Wake up, and, if you are an American voter, tell your Representative to pass the Senate health bill as is, so Congress can get on to other things: specifically doing more to try to combat the recession--and not be seen as wasting huge amounts of time and effort with nothing to show for it.

Wake up and in general be more willing to compromise--don't see every concession to the other side (even Democratic opponents) as treason against "what we stand for".

As I said earlier, stop trashing religion--it seems likely that attitude is also visible outside Mudcat---and stop pushing for politically poisonous ideas like homosexual marriage. Both of those bring out even more supporters of the current Rightist demogogue--you'd play right into Sarah's hands.   You would think the Left would have learned from 2004--when this is exactly what happened.

In a contest between intolerant atheists and the "Religious Right", numbers count. So in the US the atheists have no chance. All they do is inflame the other side.


13 Feb 10 - 01:42 AM (#2837880)
Subject: RE: BS: Palin sips tea tonight
From: Neil D

Trashing religion is really a non-issue because no one is doing it. No one in politics, not even the most liberal members of congress, nor anyone in the mainstream media, not even the most left-wing pundits on MSNBC is trashing religion. Sure, here in this little folk lovin' universe you find your fair share of agnostics, atheists, heathens, etc. Some of them might even be considered stridently so. But in the country at large it's not even in play unless you are calling the defense of free thought and reason from attacks by reactionary fundamentalism an attack on religion.


13 Feb 10 - 10:53 AM (#2838118)
Subject: RE: BS: Palin sips tea tonight
From: Ron Davies

It depends on what some Mudcatters-- and others who feel similarly-- are doing offline. For instance, the push for taking 10 Commandments plaques out of courthouses--and calling those who wanted to keep them religious bigots comes close to trashing religion.

And this is exactly how it was pictured by fundamentalists to their followings.

It's entirely too easy for quite a few Leftists to picture any opposition to their views--on quite a few issues--as religious bigotry.

We have even had a Mudcatter who claimed that Hitler had no choice but to be a mass murderer--after all, he was raised Catholic.

This is what I mean by "trashing religion."

And it helps Sarah--immensely--in her efforts to portray any opposition to her as opposition to religion.


13 Feb 10 - 12:33 PM (#2838224)
Subject: RE: BS: Palin sips tea tonight
From: Donuel

Ebbie, go to the videotape of Rove live on FOX cable news the day before her appearence with McCain.


13 Feb 10 - 12:39 PM (#2838232)
Subject: RE: BS: Palin sips tea tonight
From: CarolC

The one hopeful thing about Sarah, though, is that the more people have a chance to see her and get to know her, the lower her poll numbers go.


13 Feb 10 - 12:42 PM (#2838236)
Subject: RE: BS: Palin sips tea tonight
From: Donuel

Any interest group can groom a candidate. That does not mean there is a national conspiracy to do so. There is an interest group conspiracy to do so.

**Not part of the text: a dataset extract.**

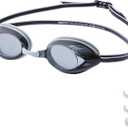 Amazon Basics Unisex Swim Goggles (Silver)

Thing is, Palin appeals to many military families as much as fringe religious groups, and that makes her base stronger, not just church groups. She found she can not rely on oil money outside campaigning so she has gone rogue with a hired book and speechifyin at tea parties.

Her polls have dropped 10 points since her book tour however.


13 Feb 10 - 02:05 PM (#2838323)
Subject: RE: BS: Palin sips tea tonight
From: Riginslinger

Time for another book tour, I suppose. She can crank them out one after another. None of these people write their own books anyway.


13 Feb 10 - 02:24 PM (#2838335)
Subject: RE: BS: Palin sips tea tonight
From: mousethief

What would it be about? She's nearly overtopped her ability to remember things with this one.

O..O
=o=


13 Feb 10 - 02:30 PM (#2838343)
Subject: RE: BS: Palin sips tea tonight
From: CarolC

She could just make everything up (with the help of her ghost writer) like she did with the first book.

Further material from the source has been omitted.